Folha de S. Paulo


ANÁLISE

Arrigo une Freud, Schoenberg e música eletrônica alucinante

Em Viena, no início do século 20, o jovem músico Arnold Schoenberg (1874-1951) não morava muito longe da Bergasse 19, casa-consultório de Sigmund Freud (1856-1939). Ao que se sabe, eles não tiveram contato direto.

Com a ópera "O Homem dos Crocodilos", que estreia nesta quarta-feira (18), no Theatro São Pedro –junto com "Édipo Rei", de Igor Stravinski (1882-1971)–, o paranaense-paulistano Arrigo Barnabé, 64, estabelece relações perenes entre os dois vizinhos.

A música está a cargo de uma banda camerística que evoca a sonoridade de "Pierrot Lunaire", obra emblemática do atonalismo expressionista de Schoenberg, também adotado por Arrigo.

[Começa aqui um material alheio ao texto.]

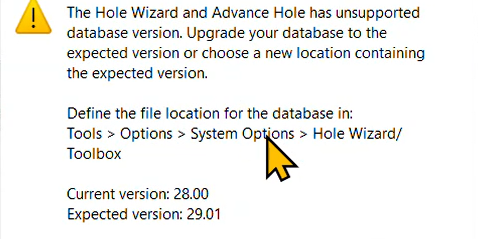 Hole wizard database error Hole wizard database file Erreur de base de données de l'assistant de trous Fichier de base de données de l'assistant de trous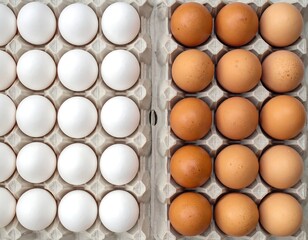 Overhead shot displays two egg cartons one filled with white eggs, the other with brown eggs. They show different colors and textures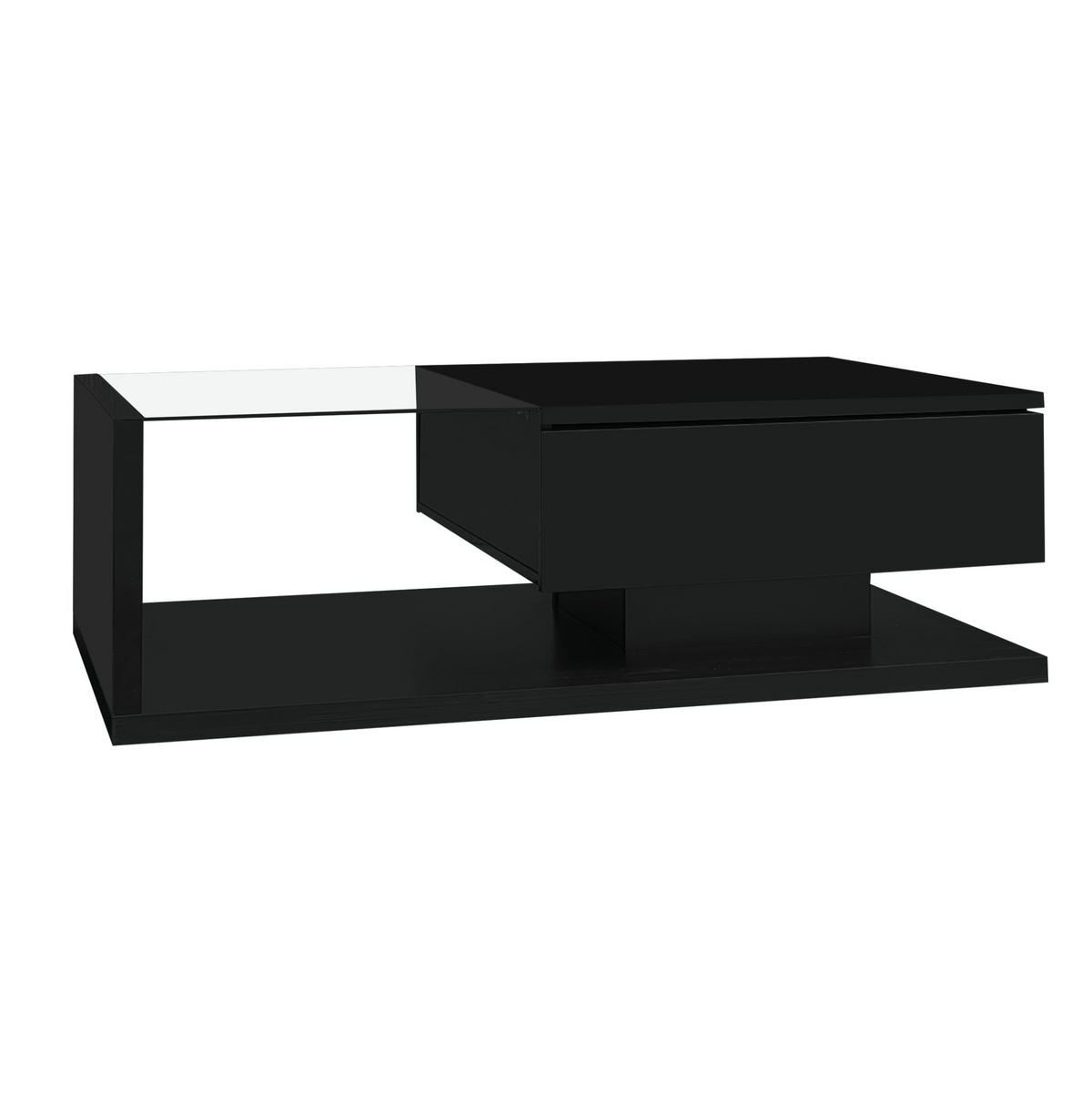 COUCHTISCH aus Spanplatte 105x55x32,5 cm in Schwarz Hochglanz mit LED-Beleuchtung - Schwarz, Holzwerkstoff (105/55/32.5cm) - Modfu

Há, no entanto, diferenças importantes, como a ausência da flauta e o acréscimo de percussão e, sobretudo, de uma guitarra elétrica que adiciona novos estranhamentos às dissonâncias acústicas.

Yuri Tavares/Divulgação
Ensaio da ópera
Ensaio da ópera 'O Homem dos Crocodilos', de Arrigo Barnabé, no Theatro São Pedro

A escrita musical-teatral de Arrigo é segura e costura com categoria a narrativa de um caso psicanalítico inspirado diretamente em Freud (com libreto do argentino Alberto Muñoz), enriquecido por uma história em quadrinhos especialmente criada por Luiz Gê.

Em uma das cenas finais, a música eletrônica alucinante composta como trilha para o gibi (que a plateia recebe em mãos) é um passo além de "Tubarões Voadores", parceria Arrigo-Gê de 1984.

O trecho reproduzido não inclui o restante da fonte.